On March 1, 2005, the Defense Office of Hearings and Appeals (DOHA) issued a Statement of Reasons (SOR) to the Applicant. The SOR detailed reasons under foreign influence (Guideline B) why DOHA could not make the preliminary affirmative finding under the Directive that it is clearly consistent with the national interest to grant or continue a security clearance for the Applicant. (1) DOHA recommended referral to an Administrative Judge to conduct proceedings and determine whether clearance should be granted, continued, denied, or revoked.
On March 8, 2005, Applicant executed an Answer to the SOR. On March 16, 2005, Applicant's employer notified DOHA Applicant's classified access was being withdrawn immediately and his employment would be terminated for lack of unclassified work within the next two to four weeks. Should adjudication be favorable, Applicant would be rehired immediately. On March 21, 2005, Applicant requested a hearing before a DOHA administrative judge. On March 24, 2005, Applicant's employer submitted a Letter of Compelling Need and requested expedited adjudication for a secret-level security clearance for Applicant. The case was assigned to me on April 4, 2005, and pursuant to notice of that date, a hearing was scheduled for April 12, 2005.
At the hearing, one government exhibit and 13 Applicant exhibits were admitted. Testimony was taken from Applicant, from a former coworker, and from the associate pastor at his church, as reflected in a transcript received April 22, 2005. At the government's request, administrative notice was also taken of three publications concerning South Korea, including its intelligence and economic collection activities. (2)
DOHA alleged foreign influence (Guideline B) concerns because of the South Korean citizenship of Applicant's spouse; the South Korean citizenship and residency of Applicant's sister, aunt, uncle, and grandmother, and of his spouse's parents and her siblings; and travel by Applicant to South Korea at least ten times between 1998 and 2002. In response to the SOR, Applicant admitted the South Korean citizenship of his spouse, but indicated she had applied for U.S. naturalization. He acknowledged his sister, uncles, and in-laws, including his spouse's siblings, were resident citizens of South Korea, although his aunt and grandmother were living in the U.S. Of his frequent travels to South Korea, Applicant estimated half were work-related and at the request of a previous employer. The other trips were to visit his fiancee and after their marriage, her family.
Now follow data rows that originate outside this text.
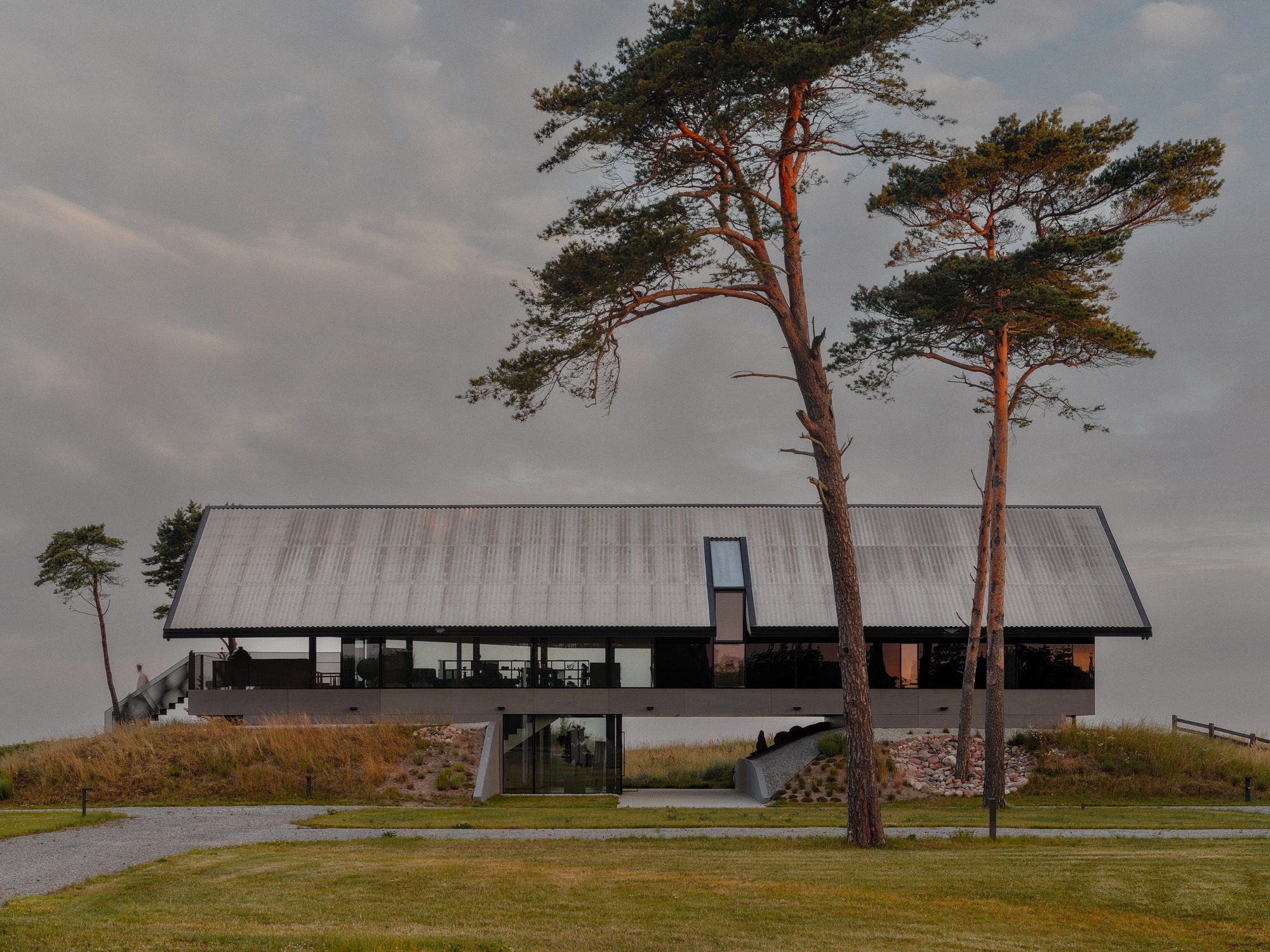 A modern coastal residence in Latvia built on elevated concrete foundations with a large gabled fiber cement roof, surrounded by tall pine trees at sunset.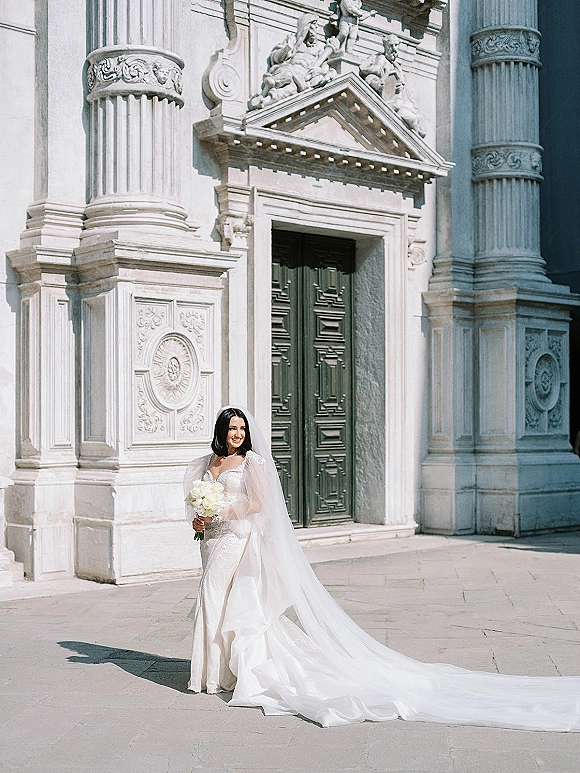 Bridal portrait of a bride in a wedding dress with long train and veil, holding a white bouquet before an ornate stone doorway in sunlight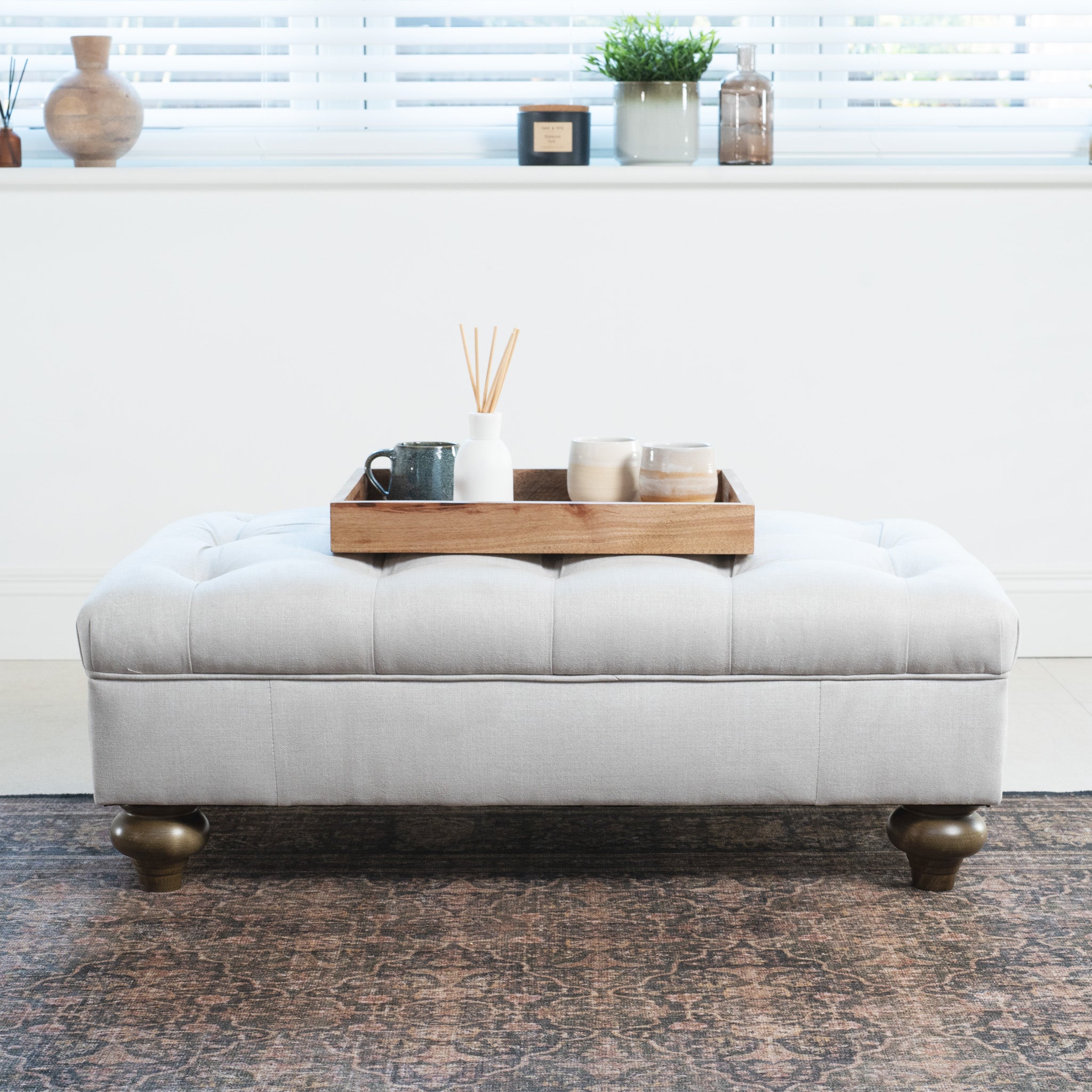 Warm grey Chesterfield Footstool with tufting holds a wooden tray and decor in a bright room with a rug and plants, featuring traditional artisan upholstery.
Applicant's admissions are accepted and incorporated as findings of fact. Additional findings are as follows:
Applicant is a 33-year-old auto-bonding process technician who has worked directly for a defense contractor in its process engineering department since January 2004. Applicant had been employed by a staffing agency on site at the company from mid-April 2003 until he was hired as an employee. Applicant held an interim secret security clearance until March 2005 when it was withdrawn on issuance of the SOR. He seeks a secret clearance for his duties.
Born in South Korea in September 1971 to resident citizens of that nation, Applicant immigrated to the U.S. with his parents and sister in 1985. On arrival, he began to use a first name consistent with his new life as a teen in the U.S. In May 1996, Applicant earned his bachelor of science degree from the state university. In February 1998, Applicant became a U.S. naturalized citizen, taking an oath to renounce all foreign allegiances, to support and defend the U.S. Constitution and its laws, and to bear arms or noncombatant service or civilian service on behalf of the U.S. if required. His acquisition of U.S. citizenship served to revoke his South Korean citizenship. Four days later, he obtained his U.S. passport.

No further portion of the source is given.